• **WHAT IS EXPECTED**: Note each line of the entries that includes "Princess". Then copy those lines.
________________________________________
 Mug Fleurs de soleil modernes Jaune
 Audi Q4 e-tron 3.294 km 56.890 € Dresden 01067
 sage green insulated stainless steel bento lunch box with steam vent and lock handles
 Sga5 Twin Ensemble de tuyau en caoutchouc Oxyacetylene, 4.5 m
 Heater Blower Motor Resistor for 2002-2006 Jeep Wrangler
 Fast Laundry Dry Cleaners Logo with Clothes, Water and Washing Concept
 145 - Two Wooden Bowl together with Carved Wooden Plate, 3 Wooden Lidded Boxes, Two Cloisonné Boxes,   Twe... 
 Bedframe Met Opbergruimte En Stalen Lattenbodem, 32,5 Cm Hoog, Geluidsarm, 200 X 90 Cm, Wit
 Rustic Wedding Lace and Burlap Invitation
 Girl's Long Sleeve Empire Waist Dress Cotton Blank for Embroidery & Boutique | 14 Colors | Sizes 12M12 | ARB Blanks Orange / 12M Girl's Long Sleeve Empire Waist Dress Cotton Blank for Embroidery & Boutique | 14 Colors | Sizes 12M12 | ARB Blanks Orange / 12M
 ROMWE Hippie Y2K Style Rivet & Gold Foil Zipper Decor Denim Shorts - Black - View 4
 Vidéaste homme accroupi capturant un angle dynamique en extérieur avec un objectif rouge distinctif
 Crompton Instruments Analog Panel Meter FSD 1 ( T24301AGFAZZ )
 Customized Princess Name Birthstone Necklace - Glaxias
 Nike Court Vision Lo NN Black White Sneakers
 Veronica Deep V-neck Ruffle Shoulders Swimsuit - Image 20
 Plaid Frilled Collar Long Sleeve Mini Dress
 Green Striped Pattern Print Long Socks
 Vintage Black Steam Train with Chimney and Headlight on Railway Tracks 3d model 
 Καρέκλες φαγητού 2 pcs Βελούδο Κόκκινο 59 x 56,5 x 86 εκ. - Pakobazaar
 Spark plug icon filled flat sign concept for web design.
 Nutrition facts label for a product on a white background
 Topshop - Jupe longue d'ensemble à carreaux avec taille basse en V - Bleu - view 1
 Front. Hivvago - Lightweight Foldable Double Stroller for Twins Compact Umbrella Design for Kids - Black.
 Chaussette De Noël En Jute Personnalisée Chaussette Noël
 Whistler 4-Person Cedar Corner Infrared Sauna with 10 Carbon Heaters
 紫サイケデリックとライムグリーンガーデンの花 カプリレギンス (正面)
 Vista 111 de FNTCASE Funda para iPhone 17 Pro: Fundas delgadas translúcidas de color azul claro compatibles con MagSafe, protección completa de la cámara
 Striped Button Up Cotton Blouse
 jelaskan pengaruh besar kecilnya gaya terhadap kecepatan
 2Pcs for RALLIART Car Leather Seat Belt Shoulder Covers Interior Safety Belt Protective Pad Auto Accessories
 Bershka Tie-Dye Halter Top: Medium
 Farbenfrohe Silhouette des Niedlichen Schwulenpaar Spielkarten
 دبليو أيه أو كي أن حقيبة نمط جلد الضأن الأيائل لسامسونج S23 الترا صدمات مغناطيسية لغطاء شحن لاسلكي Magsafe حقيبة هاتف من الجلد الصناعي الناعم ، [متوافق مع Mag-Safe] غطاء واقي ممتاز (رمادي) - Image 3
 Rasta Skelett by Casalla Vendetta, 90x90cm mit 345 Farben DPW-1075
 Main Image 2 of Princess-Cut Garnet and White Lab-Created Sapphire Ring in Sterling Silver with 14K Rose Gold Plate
________________________________________
• **ANSWER TO THE PROBLEM**:
 Customized Princess Name Birthstone Necklace - Glaxias
 Main Image 2 of Princess-Cut Garnet and White Lab-Created Sapphire Ring in Sterling Silver with 14K Rose Gold Plate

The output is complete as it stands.